Although Celan’s “major” language was German (a language he was raised with and wrote his poetry in), Celan’s work was also influenced by “minor” languages. The contrast between major and minor languages comes from Gilles Deleuze and Felix Guattari’s book Kafka: Toward a Minor Literature. In the book, the proposal is made that we rethink the writing of authors who, like Kafka, live in a Milleu where more than one language is spoken. And this background enables (and enabled) authors to “deterritorialize” and “reteritorialize” the major language (in the case of Kafka and Celan, German). To be sure, both Kafka and Celan lived on the fringe of the German empire. And both of them played around with different German dialects and styles in their work; this had the advantage of introducing nuance into the major language.
But there is more to the story. Deleuze and Guitarri are not simply interested in what it means to write as a bilingual author. They are also interested in looking at the textual alterations of Kafka (and other writers) in terms of new combinations, relations, and speeds, that these writers introduce (what they call the “machinic”).
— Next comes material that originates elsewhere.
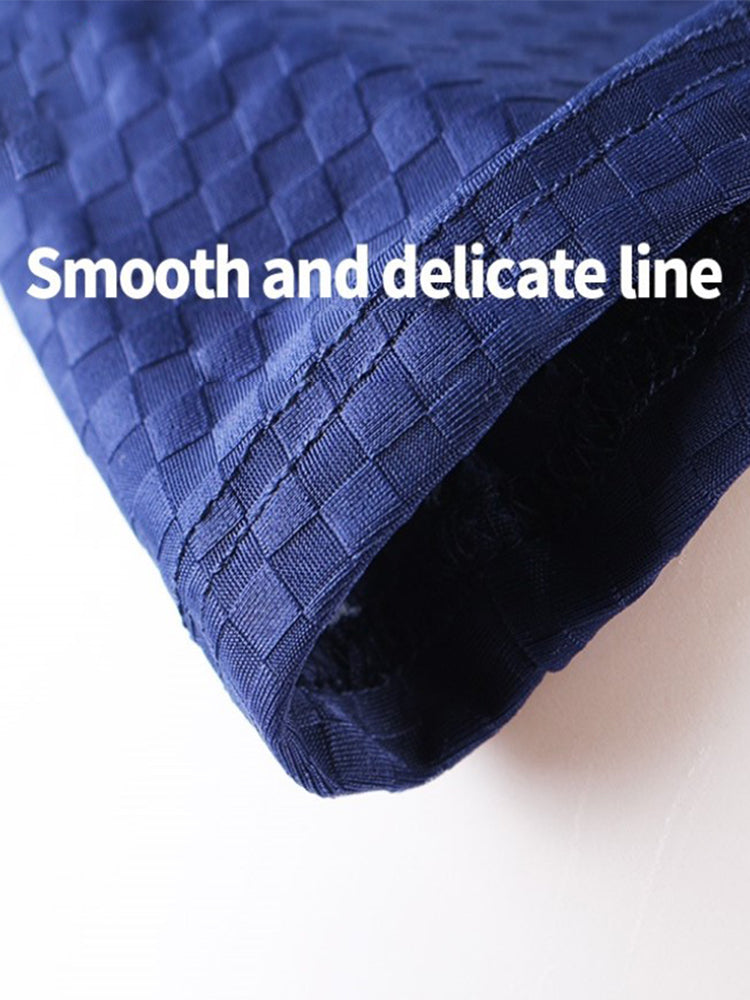 Breathable Grid Ice Silk Men's Underwear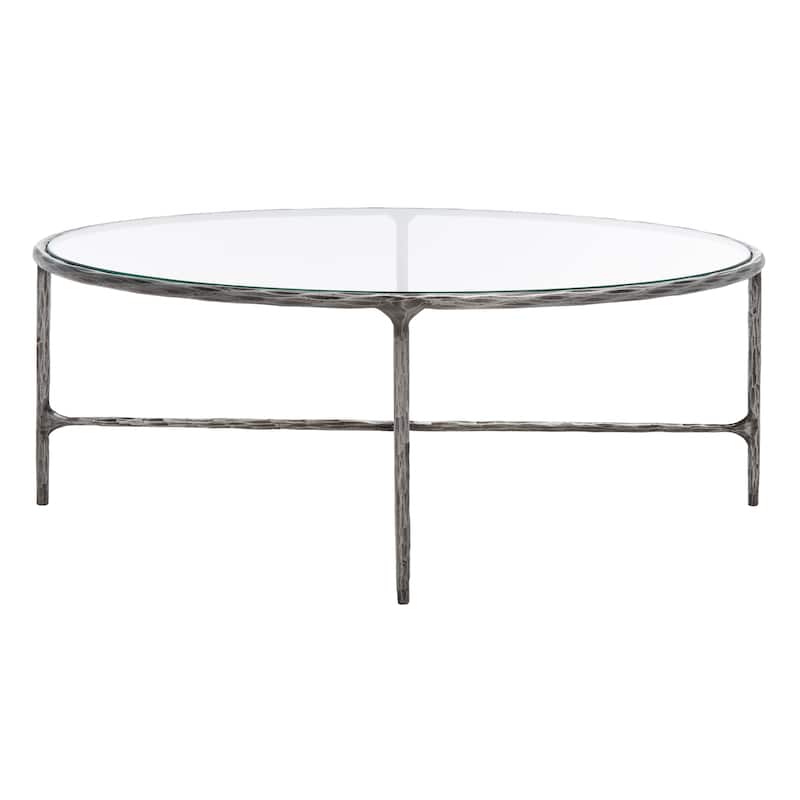 SAFAVIEH Couture Kathleen Oval Metal Coffee Table - 40 In W x 30 In D x 15 In H - 40"W x 30"D x 15"H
In other words, they’re writing affects the way the major language speaks by altering textual rhythms and relations.
This is what I see and hear in Paul Celan’s “Conversation in the Mountains” (although it can be heard throughout his poetry but not in such a pronounced manner as in this text). The way this alteration is effected in that text is by way of the repetitive “babbling” and “shrugging” of the schlemiels Klein and Gross. Their conversation introduces a speed that is alien to the German way of conversation. But, unlike Felstiner (whose reading I discussed in my last blog entry) I would say that this alteration has a positive valance. For Celan, it’s strange rhythm opens up a new way for Celan to relate to German, himself, the other, and Jewishness.
After the Holocaust, Celan seeks out a new relationship which takes into account what has been lost and what must survive. But unlike many of his other texts, this one is explicitly comic and was not to be repeated again. Its style is singular. And for that reason it is more powerful. Unlike other writers, performers, and actors, Celan didn’t make the style and rhythms in “Conversation in the Mountains” his “schtick.”
Nonetheless, it stands as a unique moment in his work which calls on his readers to seriously consider how this text was, for him, a milestone. It helped him to deterritorialize and reterritorialize Mausheln (Yiddish dialect German) and German. And he did this in a conversation between two schlemiels, on the one hand, and a minor and a major language, on the other.
I’ll end this entry with the first meeting of schlemiels (what Kakfa in “Excursion in the Mountains” called the meeting of “nobodies”) that “Conversation in the Mountains” records. When Klein meets Gross, there is silence, but as I will show in the next entry, this doesn’t last long:
And who do you think came to meet him? His cousin came to meet him, his first cousin, a quarter of a Jew’s life older, tall he came, came, he too, in a shadow, borrowed of course – because I ask you and ask you, how could he come with his own when God made him a Jew – came, tall, came to meet the other, Gross approached Klein, and Klein, the Jew, silenced his stick before the stick of the Jew Gross.